With opposition to the BCRA spanning the breadth of the Senate GOP's ideological spectrum, the way forward for this "Obamacare Lite" proposal seems shut.

Where do we go from here? Today the Senate is expected to take up Paul's proposal to repeal Obamacare without a replacement. The bill would eliminate the Affordable Care Act's individual and employer mandates and would repeal several Obamacare taxes, such as a tax on medical equipment, but it would delay the full repeal for two years to give Congress time to formulate an alternative.

As The New York Times reports today, no version of Paul's repeal bill (plus amendments) is likely to become law, but it could become the basis for a conference committee with the House, if it gets enough votes to clear the Senate first.

This was Paul's plan Tuesday when he voted in favor of a motion to proceed, allowing the Senate to begin debate on the health care bill and its amendments. That vote was a perfect 50-50 split (with Vice President Mike Pence breaking the tie), so any single Republican could have blocked the process before it even started.

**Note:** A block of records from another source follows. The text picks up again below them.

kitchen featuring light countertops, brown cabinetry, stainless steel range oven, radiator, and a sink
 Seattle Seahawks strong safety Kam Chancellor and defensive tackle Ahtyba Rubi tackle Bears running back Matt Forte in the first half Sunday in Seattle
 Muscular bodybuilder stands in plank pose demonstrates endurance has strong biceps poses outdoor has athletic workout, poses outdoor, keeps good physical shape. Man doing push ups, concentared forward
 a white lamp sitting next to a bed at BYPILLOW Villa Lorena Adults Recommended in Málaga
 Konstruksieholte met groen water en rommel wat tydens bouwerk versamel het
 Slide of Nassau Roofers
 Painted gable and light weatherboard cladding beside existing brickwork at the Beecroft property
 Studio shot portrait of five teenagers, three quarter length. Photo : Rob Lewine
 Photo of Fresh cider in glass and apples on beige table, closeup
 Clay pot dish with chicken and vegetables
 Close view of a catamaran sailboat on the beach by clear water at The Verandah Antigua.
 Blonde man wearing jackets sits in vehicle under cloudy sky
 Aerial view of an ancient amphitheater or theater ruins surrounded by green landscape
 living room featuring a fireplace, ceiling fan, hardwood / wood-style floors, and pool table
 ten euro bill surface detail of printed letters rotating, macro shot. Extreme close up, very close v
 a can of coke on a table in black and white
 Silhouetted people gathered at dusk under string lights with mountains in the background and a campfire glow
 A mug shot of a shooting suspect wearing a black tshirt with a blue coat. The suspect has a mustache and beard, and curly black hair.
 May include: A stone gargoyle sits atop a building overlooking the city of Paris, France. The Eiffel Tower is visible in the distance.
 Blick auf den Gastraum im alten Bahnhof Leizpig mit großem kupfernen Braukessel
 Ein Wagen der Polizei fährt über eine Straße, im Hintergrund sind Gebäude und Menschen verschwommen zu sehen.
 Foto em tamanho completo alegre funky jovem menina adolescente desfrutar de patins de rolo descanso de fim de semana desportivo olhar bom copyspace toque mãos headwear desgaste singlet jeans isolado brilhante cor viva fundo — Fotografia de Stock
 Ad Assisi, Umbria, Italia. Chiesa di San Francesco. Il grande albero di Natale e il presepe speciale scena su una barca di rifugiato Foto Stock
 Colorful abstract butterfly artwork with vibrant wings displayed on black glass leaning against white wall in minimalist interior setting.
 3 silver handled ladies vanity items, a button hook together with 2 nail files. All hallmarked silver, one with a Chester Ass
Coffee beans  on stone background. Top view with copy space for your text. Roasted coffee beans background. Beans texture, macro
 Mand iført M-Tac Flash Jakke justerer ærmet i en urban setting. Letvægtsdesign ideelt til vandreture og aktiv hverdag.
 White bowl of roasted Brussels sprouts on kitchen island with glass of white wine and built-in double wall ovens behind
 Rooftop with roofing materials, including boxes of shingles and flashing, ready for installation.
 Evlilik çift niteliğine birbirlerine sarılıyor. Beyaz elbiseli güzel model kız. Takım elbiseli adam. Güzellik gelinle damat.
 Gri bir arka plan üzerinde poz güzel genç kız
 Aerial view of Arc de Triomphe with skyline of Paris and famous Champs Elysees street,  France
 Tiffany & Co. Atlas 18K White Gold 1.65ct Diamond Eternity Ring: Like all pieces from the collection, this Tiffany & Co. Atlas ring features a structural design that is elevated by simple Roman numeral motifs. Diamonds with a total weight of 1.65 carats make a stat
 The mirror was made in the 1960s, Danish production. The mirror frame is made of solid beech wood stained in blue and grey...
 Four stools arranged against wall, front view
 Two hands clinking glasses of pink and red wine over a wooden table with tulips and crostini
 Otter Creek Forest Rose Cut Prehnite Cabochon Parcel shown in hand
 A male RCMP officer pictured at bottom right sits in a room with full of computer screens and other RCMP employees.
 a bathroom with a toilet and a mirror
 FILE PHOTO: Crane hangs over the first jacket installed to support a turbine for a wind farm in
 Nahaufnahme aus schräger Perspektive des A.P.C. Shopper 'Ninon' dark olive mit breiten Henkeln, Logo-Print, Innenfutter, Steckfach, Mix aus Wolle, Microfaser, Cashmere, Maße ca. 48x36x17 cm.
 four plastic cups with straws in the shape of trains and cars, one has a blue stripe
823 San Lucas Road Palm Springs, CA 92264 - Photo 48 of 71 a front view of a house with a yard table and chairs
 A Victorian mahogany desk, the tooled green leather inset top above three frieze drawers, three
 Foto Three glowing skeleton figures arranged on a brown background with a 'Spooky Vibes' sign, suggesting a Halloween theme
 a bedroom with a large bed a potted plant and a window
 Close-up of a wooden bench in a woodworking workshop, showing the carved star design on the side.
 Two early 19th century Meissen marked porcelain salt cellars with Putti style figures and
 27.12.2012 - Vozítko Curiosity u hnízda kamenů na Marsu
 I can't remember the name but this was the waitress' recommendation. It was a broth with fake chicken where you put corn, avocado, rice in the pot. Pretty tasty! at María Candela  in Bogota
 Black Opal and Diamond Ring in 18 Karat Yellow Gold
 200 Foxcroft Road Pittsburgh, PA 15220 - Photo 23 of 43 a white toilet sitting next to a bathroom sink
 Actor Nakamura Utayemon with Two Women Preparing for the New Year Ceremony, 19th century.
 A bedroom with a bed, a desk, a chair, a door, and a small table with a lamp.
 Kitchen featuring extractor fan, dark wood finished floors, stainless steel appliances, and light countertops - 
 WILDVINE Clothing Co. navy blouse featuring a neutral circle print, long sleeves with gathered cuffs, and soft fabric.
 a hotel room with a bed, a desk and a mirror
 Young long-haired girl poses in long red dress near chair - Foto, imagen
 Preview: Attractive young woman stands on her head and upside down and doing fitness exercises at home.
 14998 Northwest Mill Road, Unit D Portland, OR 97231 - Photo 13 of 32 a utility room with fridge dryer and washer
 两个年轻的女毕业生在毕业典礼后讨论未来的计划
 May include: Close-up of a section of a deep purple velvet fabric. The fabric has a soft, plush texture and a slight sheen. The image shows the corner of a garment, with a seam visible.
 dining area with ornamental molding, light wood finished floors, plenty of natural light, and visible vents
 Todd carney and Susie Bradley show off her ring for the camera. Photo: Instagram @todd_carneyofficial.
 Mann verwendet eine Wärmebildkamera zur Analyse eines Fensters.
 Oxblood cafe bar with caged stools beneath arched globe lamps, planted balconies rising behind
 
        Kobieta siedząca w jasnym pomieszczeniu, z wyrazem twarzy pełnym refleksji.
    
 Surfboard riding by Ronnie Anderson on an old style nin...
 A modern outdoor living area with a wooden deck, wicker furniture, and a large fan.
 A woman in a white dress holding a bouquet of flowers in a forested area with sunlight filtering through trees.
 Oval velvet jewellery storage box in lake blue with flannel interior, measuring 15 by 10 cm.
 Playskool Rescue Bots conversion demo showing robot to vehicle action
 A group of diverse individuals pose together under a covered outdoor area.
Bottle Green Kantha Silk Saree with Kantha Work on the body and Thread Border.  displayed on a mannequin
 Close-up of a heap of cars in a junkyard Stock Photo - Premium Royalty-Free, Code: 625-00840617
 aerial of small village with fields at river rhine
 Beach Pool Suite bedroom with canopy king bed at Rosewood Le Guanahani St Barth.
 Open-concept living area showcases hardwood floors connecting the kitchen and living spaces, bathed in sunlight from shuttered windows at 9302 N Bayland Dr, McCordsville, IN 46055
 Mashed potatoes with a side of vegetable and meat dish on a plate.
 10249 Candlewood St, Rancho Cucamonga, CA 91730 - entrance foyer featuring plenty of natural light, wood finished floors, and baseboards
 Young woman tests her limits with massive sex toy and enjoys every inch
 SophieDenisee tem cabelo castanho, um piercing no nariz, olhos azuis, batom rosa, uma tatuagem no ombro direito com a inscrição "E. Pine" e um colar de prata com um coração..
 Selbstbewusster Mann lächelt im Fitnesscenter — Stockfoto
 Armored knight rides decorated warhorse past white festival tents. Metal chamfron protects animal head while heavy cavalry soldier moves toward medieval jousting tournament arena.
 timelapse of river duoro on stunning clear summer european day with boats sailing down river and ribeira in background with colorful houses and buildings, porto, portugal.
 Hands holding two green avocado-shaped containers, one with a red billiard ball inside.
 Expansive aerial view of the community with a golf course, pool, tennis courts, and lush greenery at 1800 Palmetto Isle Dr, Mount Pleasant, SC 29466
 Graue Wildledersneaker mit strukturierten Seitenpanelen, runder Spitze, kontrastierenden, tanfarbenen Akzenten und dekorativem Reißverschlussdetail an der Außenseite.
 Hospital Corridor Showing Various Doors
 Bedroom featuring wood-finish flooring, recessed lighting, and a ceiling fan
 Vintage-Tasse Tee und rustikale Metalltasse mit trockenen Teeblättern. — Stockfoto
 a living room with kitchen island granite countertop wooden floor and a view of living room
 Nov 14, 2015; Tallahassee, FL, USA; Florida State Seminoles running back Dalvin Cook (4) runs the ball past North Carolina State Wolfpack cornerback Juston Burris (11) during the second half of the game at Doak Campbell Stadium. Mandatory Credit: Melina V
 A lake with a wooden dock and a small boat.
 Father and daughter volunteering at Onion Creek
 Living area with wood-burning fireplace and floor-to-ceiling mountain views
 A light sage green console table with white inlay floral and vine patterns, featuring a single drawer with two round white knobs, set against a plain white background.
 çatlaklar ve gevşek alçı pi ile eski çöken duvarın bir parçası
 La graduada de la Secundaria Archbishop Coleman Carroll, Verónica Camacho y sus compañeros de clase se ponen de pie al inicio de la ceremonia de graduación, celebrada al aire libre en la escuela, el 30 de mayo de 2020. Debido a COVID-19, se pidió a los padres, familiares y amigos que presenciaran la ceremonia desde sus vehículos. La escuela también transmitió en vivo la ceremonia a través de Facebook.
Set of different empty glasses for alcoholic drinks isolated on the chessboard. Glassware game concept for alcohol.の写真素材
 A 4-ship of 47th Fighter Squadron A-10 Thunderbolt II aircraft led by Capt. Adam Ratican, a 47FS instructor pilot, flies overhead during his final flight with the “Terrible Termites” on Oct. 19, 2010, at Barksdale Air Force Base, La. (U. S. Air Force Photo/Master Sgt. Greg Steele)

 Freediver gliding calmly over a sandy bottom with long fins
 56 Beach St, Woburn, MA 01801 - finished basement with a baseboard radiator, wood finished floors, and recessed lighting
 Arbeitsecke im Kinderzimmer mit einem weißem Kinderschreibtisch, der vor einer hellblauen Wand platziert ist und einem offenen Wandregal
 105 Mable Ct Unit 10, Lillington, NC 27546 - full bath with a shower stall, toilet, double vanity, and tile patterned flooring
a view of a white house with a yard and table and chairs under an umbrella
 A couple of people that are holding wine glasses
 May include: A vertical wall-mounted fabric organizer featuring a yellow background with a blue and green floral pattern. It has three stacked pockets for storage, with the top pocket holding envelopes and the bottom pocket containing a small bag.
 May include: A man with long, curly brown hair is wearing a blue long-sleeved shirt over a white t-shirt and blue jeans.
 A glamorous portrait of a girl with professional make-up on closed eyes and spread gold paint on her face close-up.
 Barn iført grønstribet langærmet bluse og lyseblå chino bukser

Indeed, Paul said in a statement Tuesday that he agreed to support the motion to proceed only after getting assurances from Republican leaders that his repeal bill would be considered after the comprehensive health care bill failed.

"This is the path I've been urging, and what I discussed with President Trump. If this is indeed the plan, I will vote to proceed and I will vote for any all measures that are clean repeal," Paul said in a Facebook post Tuesday.

A vote on Paul's so-called "skinny repeal" bill could happen as early as noon on Wednesday. The Senate has previously supported bills to repeal Obamacare, but it remains unknown whether Paul's effort will have sufficient support this time around.

"We don't know which way it will go," Paul said Tuesday. "If every Republican that voted for the clean repeal in the past votes for it again, it would pass."